The geometric mean and the geometric standard deviation should be used for Internet measurements. Those measures are not only computationally manageable, they're also a good fit for an end-user's intuitive feeling for the "typical" measurement, psychologically. As an alternative, the median and eighty-fifth percentiles may be used, but they take more power to compute.
The geometric mean is the nth root of the product of the n data points. The geometric deviation is the standard deviation of the data points in log space. The following algorithm should be used to avoid computational instabilities:
Round up all zero values to a larger "threshold" value.
Take the logarithm of the original measurements (any base).
Perform any weighting you may want by replicating measurements.
Take the arithmetic mean and the standard deviation of the logarithms of the original measurements.
"Undo" the logarithm by exponentiating the results to the same base originally used.
Note that the geometric deviation is a factor; the geometric mean must be multiplied and divided by it to create the upper and lower deviations.
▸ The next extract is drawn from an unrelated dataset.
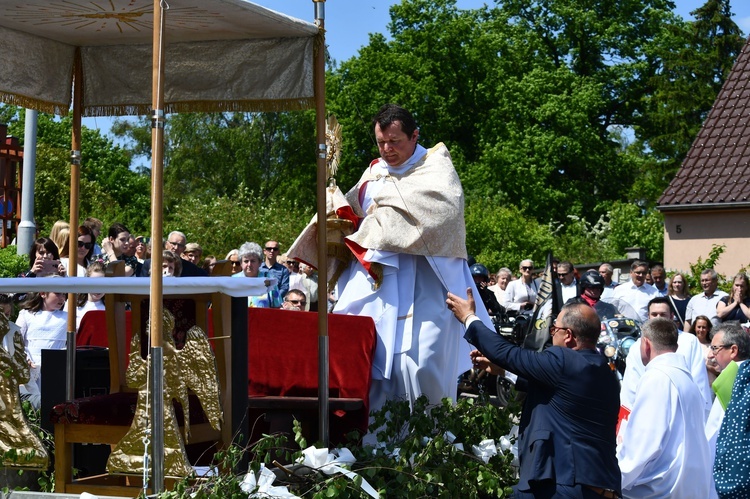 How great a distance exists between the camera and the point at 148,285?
558cm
Because of the use of logarithms, the upper and lower deviations are not symmetrical, as they are with a standard deviation in normal space. This is one of the prices you pay for the use of the geometric measures. Another disadvantage is that, as is also true for percentiles, you cannot simply add the geometric statistics for different measurements to get the geometric statistics for the sum of the measurements. For example, the geometric mean of (connection establishment time + file download time) is not the sum of the geometric means of the two components. Instead, each individual pair of data points must be individually combined before the computations are made.
These calculations of both the geometric mean and the geometric deviation, or the median and the eighty-fifth percentile, should be used for end-user response time specification. Using these statistics instead of conventional arithmetic averages or absolute maximums helps manage SLA violations effectively and avoids the expense of fixing violations that were caused by transient, unimportant problems.